Champagne, homard, huitres, moules, foie gras… On a l’air de quoi avec nos sandwiches pas de croutes, saucisses au bacon, salade de macaroni et autres? Signe que les temps changent lentement, le circulaire Loblaws de la dernière semaine de l’année a quand même quelques spéciaux de ce que ma grand-mère appelle "la nourriture de riches".
L’année dernière, mon père a même essayé de m’expliquer pourquoi c’est comme ça. Mais non, son truc ne marchait pas car nos tables de Noël ne sont pas plus chic. Les prix? Son affaire ne marche pas non plus. Les Scandinaves se privent de beaucoup de choses, mais jamais pour le Nouvel An.

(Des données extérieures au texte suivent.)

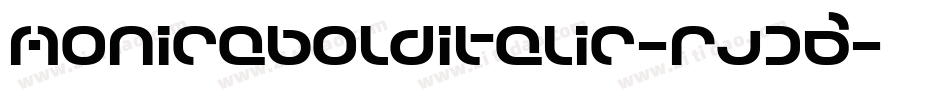 MonicaBoldItalic-RjD6字体转换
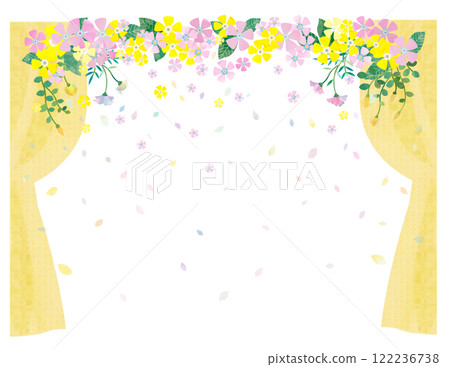 Flower background illustration 122236738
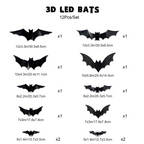 3D Fladdermus LED Vägglampa Dekoration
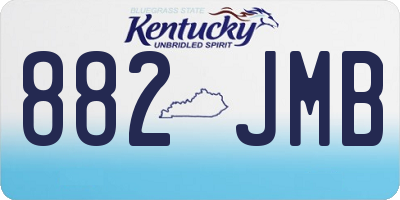 KY license plate 882JMB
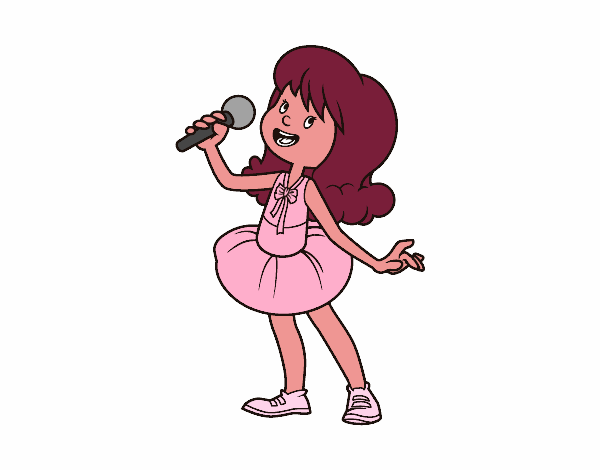 Estrella del pop cantando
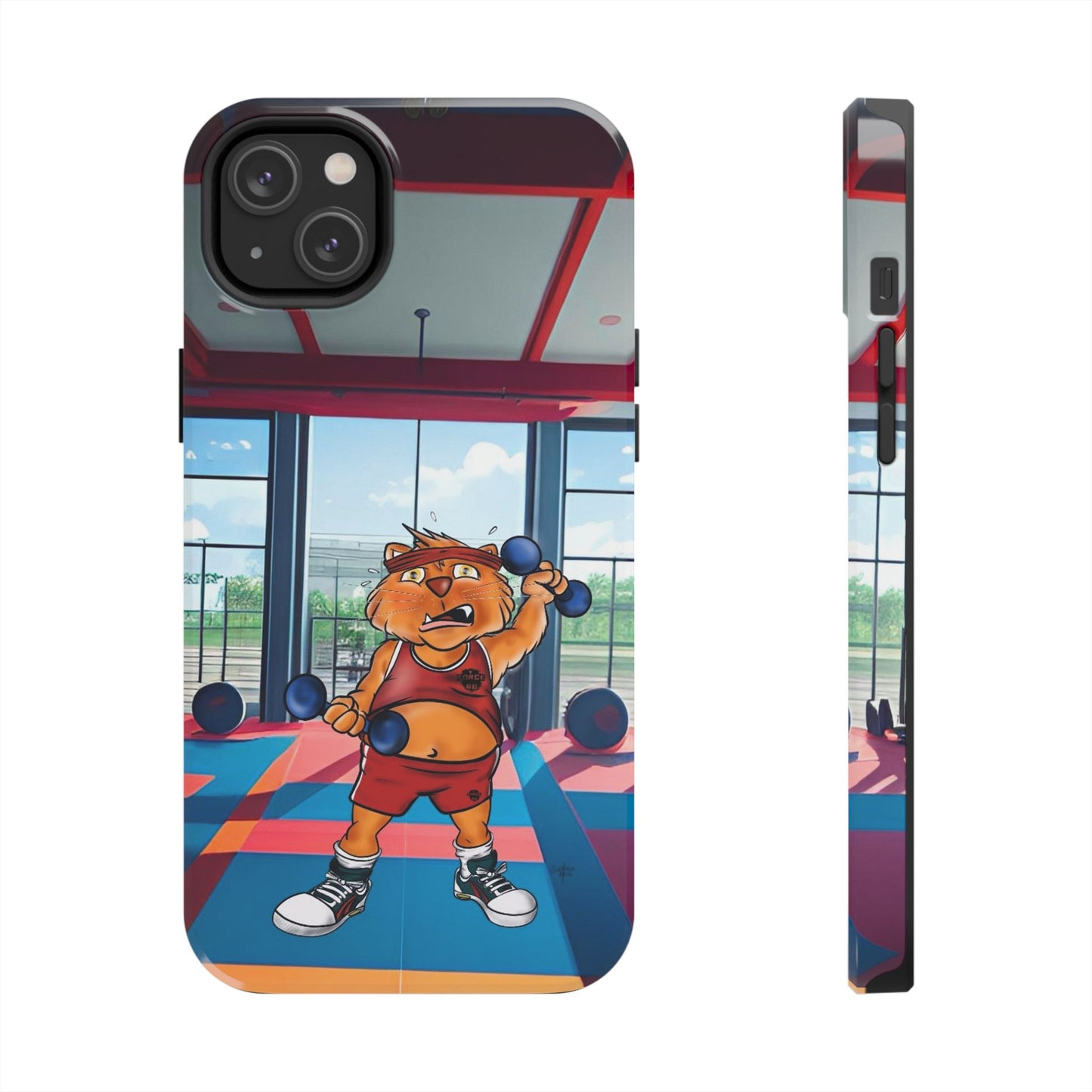 Force66.  Cat gym -IPhone case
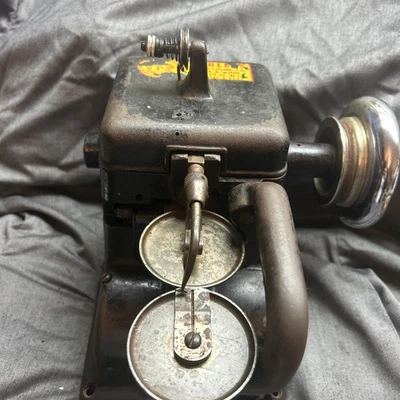 Vintage Bonis Industrial "Never-Stop" Fur/Leather Sewing Machine For Parts - Image 1 of 4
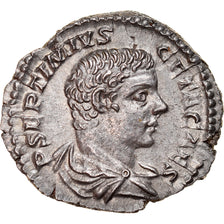Moneta, Geta, Denarius, 207, Roma, MS(60-62), Srebro, RIC:34b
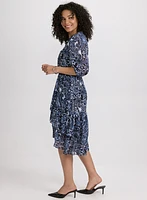 Tiered Paisley Dress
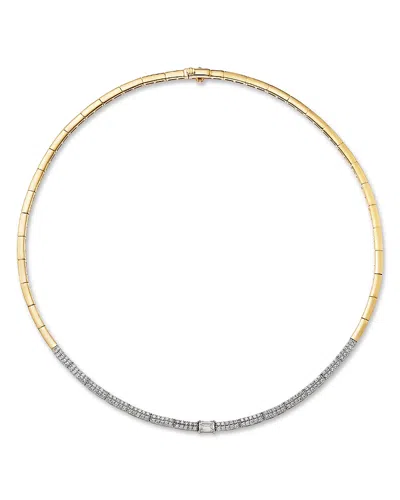 Bloomingdale's Fine Collection Diamond Emerald Cut Center Collar Necklace In 14k Yellow Gold, 2.0 Tcw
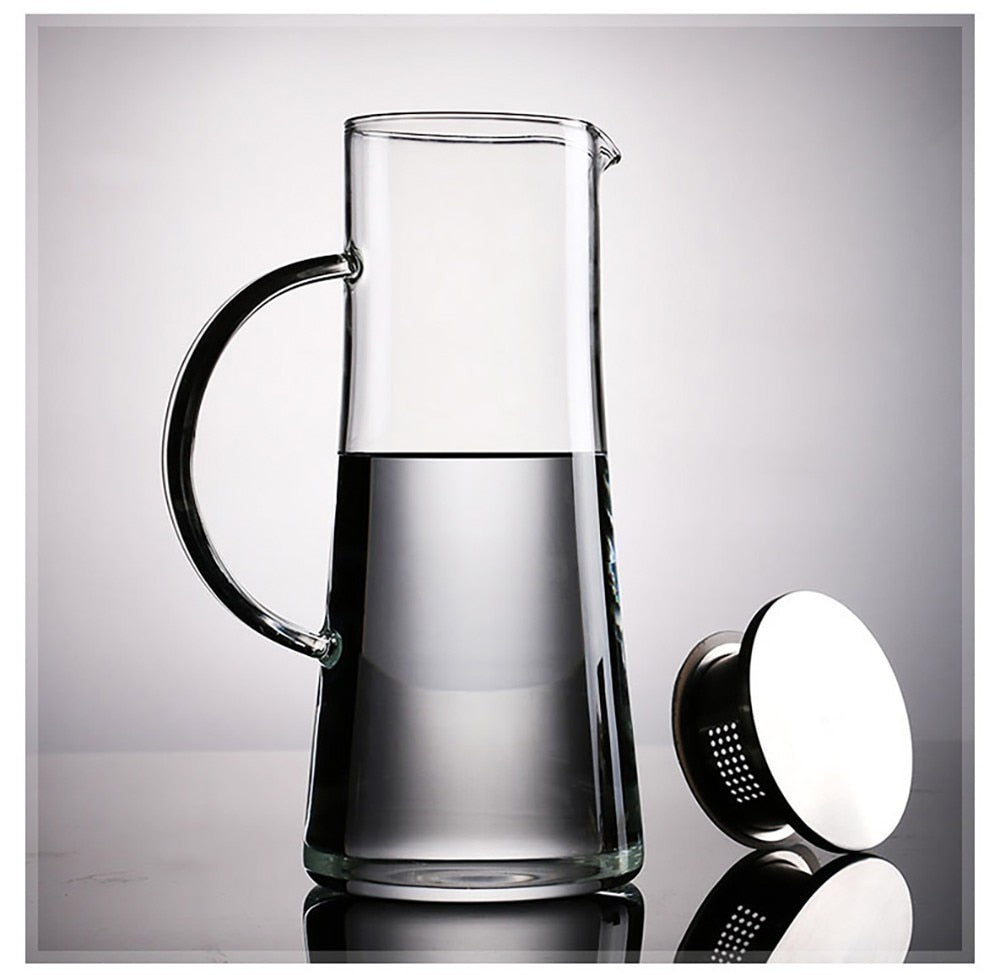 High Borosilicate Heat-resisting Cold Water Kettle Stainless  Steel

Alors tant pis pour ceux qui me trouveront bourgeois mais je porterai le complet-cravate avec à la main, ma coupe de Moët et Chandon, mon saumon fumé, mes crevettes et mon foie gras de canard. Je sais, il manque les feux d’artifices mais les maisons sont beaucoup trop proches dans le quartier de Laval où je suis invité. À la place, je regarderai le Vieux Continent exploser sous les pétards sur YouTube.
Pas de bar pour moi, une manière de boycotter nos lois moyenâgeuses sur la vente d’alcool.
Pour 2010, portons un toast à la liberté.
Et, si je peux me permettre un voeux bien personnel que je répète chaque année, que ça soit ma dernière en exil!